Skip to content

vllm bench sweep serve

JSON CLI Arguments

When passing JSON CLI arguments, the following sets of arguments are equivalent:

  • --json-arg '{"key1": "value1", "key2": {"key3": "value2"}}'
  • --json-arg.key1 value1 --json-arg.key2.key3 value2

Additionally, list elements can be passed individually using +:

  • --json-arg '{"key4": ["value3", "value4", "value5"]}'
  • --json-arg.key4+ value3 --json-arg.key4+='value4,value5'

Options

--serve-cmd

The command used to run the server: vllm serve ...

Default: None

--bench-cmd

The command used to run the benchmark: vllm bench serve ...

Default: None

--after-bench-cmd

After a benchmark run is complete, invoke this command instead of the default ServerWrapper.clear_cache().

Default: None

--show-stdout

If set, logs the standard output of subcommands.
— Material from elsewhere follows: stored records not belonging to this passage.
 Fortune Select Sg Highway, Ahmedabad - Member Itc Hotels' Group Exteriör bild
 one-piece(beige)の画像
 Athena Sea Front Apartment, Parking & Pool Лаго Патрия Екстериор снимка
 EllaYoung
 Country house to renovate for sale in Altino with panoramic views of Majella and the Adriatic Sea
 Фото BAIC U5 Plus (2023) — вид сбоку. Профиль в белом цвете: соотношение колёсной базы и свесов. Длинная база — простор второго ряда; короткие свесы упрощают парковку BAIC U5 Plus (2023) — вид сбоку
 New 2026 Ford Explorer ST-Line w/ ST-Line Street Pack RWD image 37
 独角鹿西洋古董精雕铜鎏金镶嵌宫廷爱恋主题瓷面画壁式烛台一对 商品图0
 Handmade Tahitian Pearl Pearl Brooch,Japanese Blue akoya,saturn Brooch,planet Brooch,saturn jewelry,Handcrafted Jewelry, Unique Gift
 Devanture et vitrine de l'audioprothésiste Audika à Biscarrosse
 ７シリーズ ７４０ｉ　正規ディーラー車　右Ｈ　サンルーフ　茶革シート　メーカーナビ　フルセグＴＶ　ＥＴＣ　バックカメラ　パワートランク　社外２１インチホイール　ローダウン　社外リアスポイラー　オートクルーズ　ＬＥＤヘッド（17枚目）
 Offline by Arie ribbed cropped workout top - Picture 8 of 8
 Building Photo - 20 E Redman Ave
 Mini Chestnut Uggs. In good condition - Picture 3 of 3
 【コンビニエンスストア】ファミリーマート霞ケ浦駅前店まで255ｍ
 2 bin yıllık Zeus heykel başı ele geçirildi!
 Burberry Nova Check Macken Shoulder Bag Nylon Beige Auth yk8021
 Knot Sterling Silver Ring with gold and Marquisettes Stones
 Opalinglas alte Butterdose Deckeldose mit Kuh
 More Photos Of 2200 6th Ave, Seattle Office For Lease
Useful for debugging but can be quite spammy.

Default: False

--serve-params

Path to JSON file containing a list of parameter combinations for the vllm serve command. If both serve_params and bench_params are given, this script will iterate over their Cartesian product.

Default: None

--bench-params

Path to JSON file containing a list of parameter combinations for the vllm bench serve command. If both serve_params and bench_params are given, this script will iterate over their Cartesian product.

Default: None

-o, --output-dir

The directory to which results are written.

Default: results

--num-runs

Number of runs per parameter combination.

Default: 3

--dry-run

If set, prints the commands to run, then exits without executing them.

Default: False

--resume

Set this to the name of a directory under output_dir (which is a timestamp) to resume a previous execution of this script, i.e., only run parameter combinations for which there are still no output files.

Default: None